Apple's battle with Fortnite's developer just got a little more epic. Apple ratcheted up pressure on Epic Games Friday, banning the company's developer account, effectively cutting it off from updating its Fortnite game on iPhones and iPads .

Apple and Epic are locked in a battle over money and power, and who gets to have them. Apple charges commissions of up to 30% from digital items bought through apps on its platform, including the silly clothes and popular dances Fortnite players buy for their characters that contribute to the billions of dollars the game's pulled in so far. Epic, which makes the popular online last-man-standing battle game, circumvented Apple's rules on Aug. 13 when it turned on hidden code within Fortnite to allow players to send direct payments to Epic.

Watch this: Epic v. Apple kicks off in court

Apple retaliated by kicking Fortnite off the app store. Epic retaliated with a lawsuit and public relations campaign against Apple, including a #FreeFortnite game tournament and a video mocking the company's iconic "1984" Macintosh Computer commercial.

A California judge overseeing the case between the two companies declined to stop Apple from banning Epic's account from its app store. Apple had said in court proceedings, and in public statements earlier, that it is willing to reinstate Epic's account if the company removes the changes from Fortnite while the two companies debate it at trial.

"The court recommended that Epic comply with the App Store guidelines while their case moves forward, guidelines they've followed for the past decade until they created this situation. Epic has refused," the company said, adding that Epic "repeatedly" submitted updates that still violated its guidelines. "We hope that we can work together again in the future, but unfortunately that is not possible today."

Epic CEO Tim Sweeney criticized Apple's statement, saying the company didn't have to ban Epic's account. He also shared an attempted Fortnite update submitted to Apple, saying it would continue to offer alternative payment options. 

A similar but less public dynamic is playing out between Epic and Google, though the Fortnite maker's lawsuit in that case hasn't yet held its first hearing.

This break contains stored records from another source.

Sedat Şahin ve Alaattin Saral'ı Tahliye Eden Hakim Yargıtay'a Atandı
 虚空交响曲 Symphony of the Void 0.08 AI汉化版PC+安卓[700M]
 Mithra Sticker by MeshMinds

Apple's decision escalates pressure on Epic, whose Fortnite game counts more than 250 million people who've signed up to play between computers, phones , tablets and video game consoles. The game's become a cultural phenomenon, played by sports stars like baseball pitcher Josh Hader and musicians including Drake. Part of its popularity comes from its cartoonish feel, which makes it more palatable to parents, its easy-to-play-hard-to-master gameplay, and its newfound role as a new sort of social network for teens.

Though Epic is one of the largest companies to fight Apple over its App Store policies, it isn't the first. A growing list of companies have bristled at Apple's up to 30% commission, including Facebook . On Friday, the social network said Apple rejected an update to one of its apps that inform users of Apple's "tax." (Apple has criticized Facebook over its ad tracking practices for the past couple years, and implemented new technology changes in its upcoming iPhone software that could hurt Facebook's business.)

Apple said although it's banned Epic's account for developing Fortnite, it will allow the company's other legal entity that makes the Unreal Engine tools for game developers to continue using the app store.

The two companies are expected to meet in court again next month.